"That is the topic of my latest Bloomberg column, here is one bit:
California’s highest income tax rate is 13.3%. That is in addition to a top federal tax rate of 37%. California also has a state sales tax rate of 7.25%, and many localities impose a smaller sales tax. So if a wealthy person earns and spends labor income in the state of California, the tax rate at the margin could approach 60%. Then there is the corporate state income tax rate of 8.84%, some of which is passed along to consumers through higher prices. That increases the tax burden further yet.
And this:
Researchers Joshua Rauh and Ryan Shyu, currently and formerly at Stanford business school, have studied the behavioral response to Proposition 30, which boosted California’s marginal tax rates by up to 3% for high earners for seven years, from 2012 to 2018. They found that in 2013, an additional 0.8% of the top bracket of the residential tax base left the state. That is several times higher than the tax responses usually seen in the data.

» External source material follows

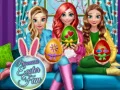 Spel Prinsessernas påskkul på nätet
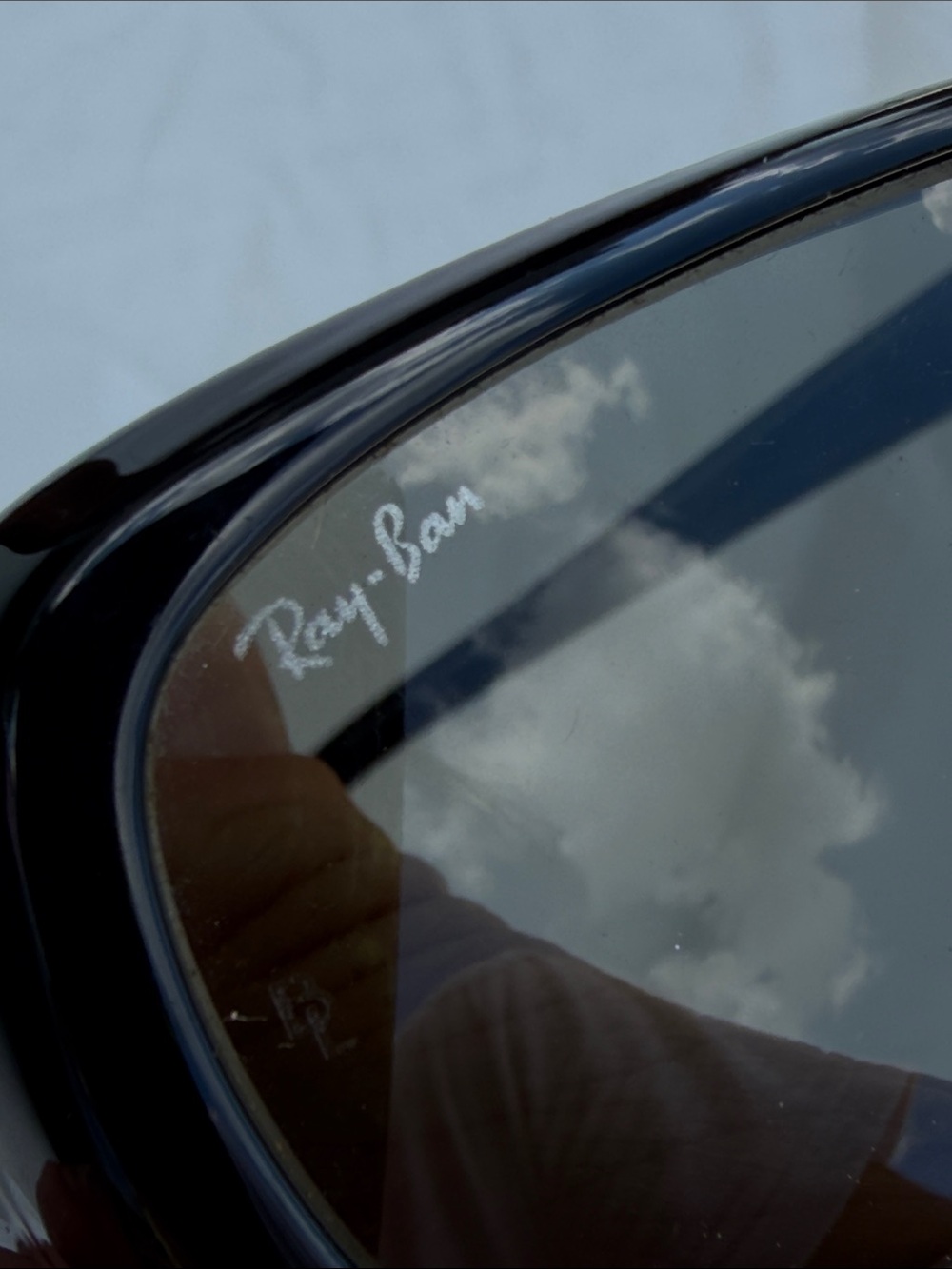 Ray-Ban rituals Black Rectangle Sunglasses - Picture 6 of 8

These high-earning California residents seem to have reached a tipping point: Maybe many of them could afford the extra tax burden, but at some point they got fed up, read the signals and decided the broader system wasn’t working in their interest.
Overall, Proposition 30 increased total tax revenue for California — but not nearly as much as intended. Due to departures, the state lost more than 45% of its windfall tax revenues from the policy change, and within two years the state lost more than 60% of those same revenues.